2016 Satsuki Sho (Japanese 2000 Guineas) (G1) - comments from runners' connection

Note: All entrants are 3-year-old colts

Admire Daio

Yasuo Tomomichi, trainer
“In the Wakaba Stakes, he was overtaken in the stretch, but he came back and got ahead again. He has ample stamina and good tenacity. He’s doing well now. He had to redo his gate test and he has that test this week. So, on April 6 we had (jockey Yuichi) Fukunaga ride him for fast work with another horse over the woodchip course. And he said, ‘He’s a lot lighter on his feet than I had imagined him to be.’ So, he got a good impression from him. As for the gate, he’s been quiet in practice and there are no special problems. Just to be sure, gate practice with the jockey was scheduled for April 8. This horse has stamina and stick-to-itiveness. He also has sufficient power and I think a track with a bit of cushion to it will be a plus. He’s a different type than Makahiki and I think if it comes down to a test of stamina, he’ll have a chance”

Admire Morale

Hiroyuki Uehara, trainer
“For the Spring Stakes (Grade 2) last out, it had been a while since his last race, but he wasn’t on his toes. And I think he was out of breath at the end. That race has sharpened him up and he’s more lightfooted now. He has always been a horse to improve with a race under his belt. I think his wind will be better this time. From his debut, he had outside draws or slow starts, but he’s gotten better at the gates now and he’s able to keep focused on the racing. I think this is his natural style. In Sunday’s lineup there are a lot of horses that like to stalk the pace, so I think he’ll be in a position with the pressure off and will be able to run his kind of race.”

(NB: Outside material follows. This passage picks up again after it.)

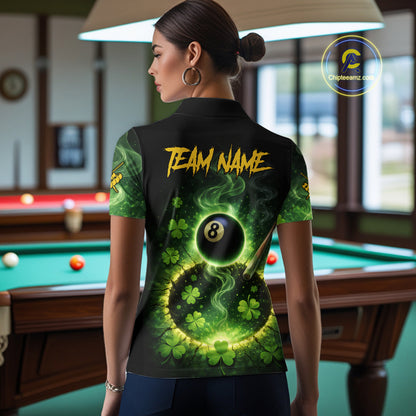 Personalized St Patrick Day Smoke 8 Ball Billiard Shirt For Women, Luckiest Shamrock Pool Jersey TDM5899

Daily Hai Nisai Stakes (G2)
Air Spinel
Air Spinel

Kazuhide Sasada, trainer
“In the Yayoi Sho (Grade 2) final stages, he got quite a bit of distance between him and the top two finishers, which shows there was a difference between him and them. With last race’s results in mind, we have endeavored to get him stronger since then and training has gone well. Last week, we had the jockey ride him on the woodchip course in tandem and push him hard. The gallop went as expected and I’d say he was in about the same shape as he was for the last race, maybe a little better. And, I think he’s listening to the rider more now and not showing his immaturity. There are the three very good colts in the lineup but I believe this guy has the latent ability to turn the tables on them. We’ll see how well our training strategy will pan out in a real race.”

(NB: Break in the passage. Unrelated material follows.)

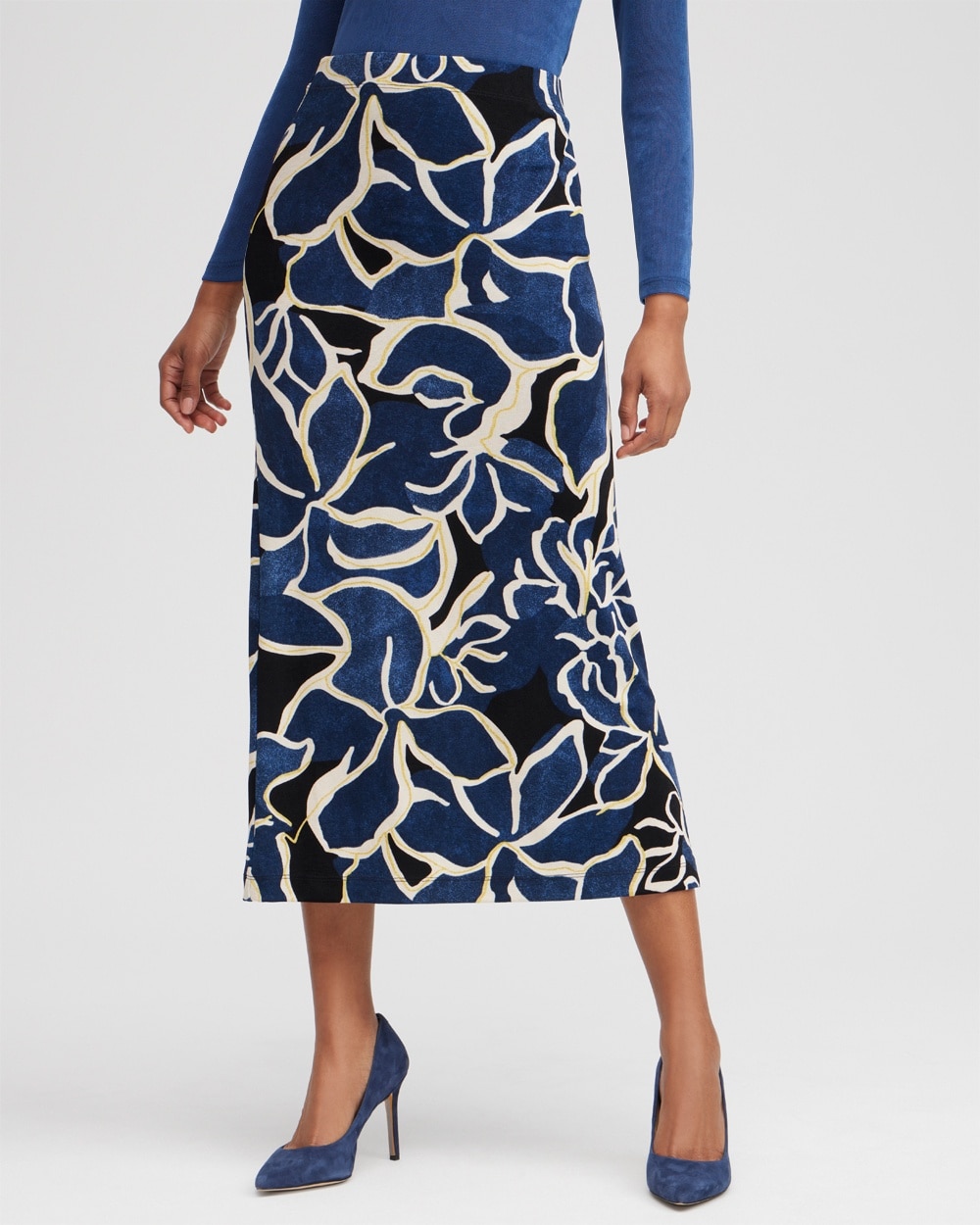 Chico's Pants | Travelers Floral Midi Skirt Azores Blue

Kyodo News Service Hai (Tokinominoru Kinen) (G3)
Dee Majesty
Dee Majesty

Yoshitaka Ninomiya, trainer
“He had to be scratched for the Dec. 27 Hopeful Stakes (Grade 2) due to phlegmon in his legs. We had to give him about three days off but then got right back into training. We raced him next in the Feb. 14 Kyodo News Service Hai (Grade 3). The rider was urging him on from just before the final turn but I think the going was at its worst right there. He gave it his all and peeled off from the rest of the field with the fastest final 3-furlong time of the field for what was a very strong race. He’s still growing and is still a bit weak in his back and hindquarters, but he has gained a bit of weight and has the physique of a mature horse. He has an excellent heart and strong lungs and his breathing is very good. And he has a characteristically very nice racing form. (Jockey Masayoshi) Ebina will ride fast work this week and things are looking good heading into the big event. He can really put in a good chase and has great late speed.”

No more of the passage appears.